### DATASET RECORDS
-.-.-
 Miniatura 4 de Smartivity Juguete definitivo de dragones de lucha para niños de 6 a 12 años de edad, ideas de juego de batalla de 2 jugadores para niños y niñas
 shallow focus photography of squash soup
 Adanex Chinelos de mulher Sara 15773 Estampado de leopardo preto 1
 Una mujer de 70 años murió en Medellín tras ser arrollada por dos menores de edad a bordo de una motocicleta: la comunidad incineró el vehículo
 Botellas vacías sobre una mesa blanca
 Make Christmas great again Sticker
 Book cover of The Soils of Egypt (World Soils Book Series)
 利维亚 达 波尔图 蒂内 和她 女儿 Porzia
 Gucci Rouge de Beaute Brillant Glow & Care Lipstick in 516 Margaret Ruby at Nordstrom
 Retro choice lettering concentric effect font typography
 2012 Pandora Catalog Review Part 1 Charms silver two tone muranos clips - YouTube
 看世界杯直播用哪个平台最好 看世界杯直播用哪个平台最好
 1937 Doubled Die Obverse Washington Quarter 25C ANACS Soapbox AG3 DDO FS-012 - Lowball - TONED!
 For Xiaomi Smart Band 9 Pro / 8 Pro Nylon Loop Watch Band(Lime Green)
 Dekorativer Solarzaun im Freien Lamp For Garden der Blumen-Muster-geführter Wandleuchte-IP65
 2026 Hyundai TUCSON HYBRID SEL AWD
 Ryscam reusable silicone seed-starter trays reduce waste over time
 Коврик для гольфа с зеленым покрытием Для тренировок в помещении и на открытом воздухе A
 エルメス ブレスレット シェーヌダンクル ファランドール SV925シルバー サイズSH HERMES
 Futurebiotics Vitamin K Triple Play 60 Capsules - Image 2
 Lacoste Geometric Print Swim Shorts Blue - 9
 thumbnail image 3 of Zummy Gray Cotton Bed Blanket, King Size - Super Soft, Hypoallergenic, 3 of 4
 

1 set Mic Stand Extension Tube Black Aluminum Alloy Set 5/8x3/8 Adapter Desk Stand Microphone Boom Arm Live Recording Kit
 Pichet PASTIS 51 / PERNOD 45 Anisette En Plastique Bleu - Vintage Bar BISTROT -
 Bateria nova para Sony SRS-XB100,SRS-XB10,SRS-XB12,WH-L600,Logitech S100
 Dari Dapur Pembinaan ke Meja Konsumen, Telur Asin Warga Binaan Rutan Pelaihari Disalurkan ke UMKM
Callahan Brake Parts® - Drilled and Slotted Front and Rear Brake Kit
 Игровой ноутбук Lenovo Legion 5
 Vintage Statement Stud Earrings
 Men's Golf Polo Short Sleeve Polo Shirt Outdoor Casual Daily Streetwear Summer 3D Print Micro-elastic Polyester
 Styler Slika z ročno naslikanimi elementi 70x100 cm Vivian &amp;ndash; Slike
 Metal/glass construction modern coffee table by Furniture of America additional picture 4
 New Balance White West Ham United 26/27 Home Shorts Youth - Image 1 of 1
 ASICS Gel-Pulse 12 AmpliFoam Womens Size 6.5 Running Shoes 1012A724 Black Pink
-.-.-
### WORK REQUIRED
Within the material above, output exactly the lines from the one with "For Xiaomi Smart" through the one with "Bateria nova para", end lines included, and nothing besides.

### SOLUTION TO THIS EXERCISE
 For Xiaomi Smart Band 9 Pro / 8 Pro Nylon Loop Watch Band(Lime Green)
 Dekorativer Solarzaun im Freien Lamp For Garden der Blumen-Muster-geführter Wandleuchte-IP65
 2026 Hyundai TUCSON HYBRID SEL AWD
 Ryscam reusable silicone seed-starter trays reduce waste over time
 Коврик для гольфа с зеленым покрытием Для тренировок в помещении и на открытом воздухе A
 エルメス ブレスレット シェーヌダンクル ファランドール SV925シルバー サイズSH HERMES
 Futurebiotics Vitamin K Triple Play 60 Capsules - Image 2
 Lacoste Geometric Print Swim Shorts Blue - 9
 thumbnail image 3 of Zummy Gray Cotton Bed Blanket, King Size - Super Soft, Hypoallergenic, 3 of 4
 

1 set Mic Stand Extension Tube Black Aluminum Alloy Set 5/8x3/8 Adapter Desk Stand Microphone Boom Arm Live Recording Kit
 Pichet PASTIS 51 / PERNOD 45 Anisette En Plastique Bleu - Vintage Bar BISTROT -
 Bateria nova para Sony SRS-XB100,SRS-XB10,SRS-XB12,WH-L600,Logitech S100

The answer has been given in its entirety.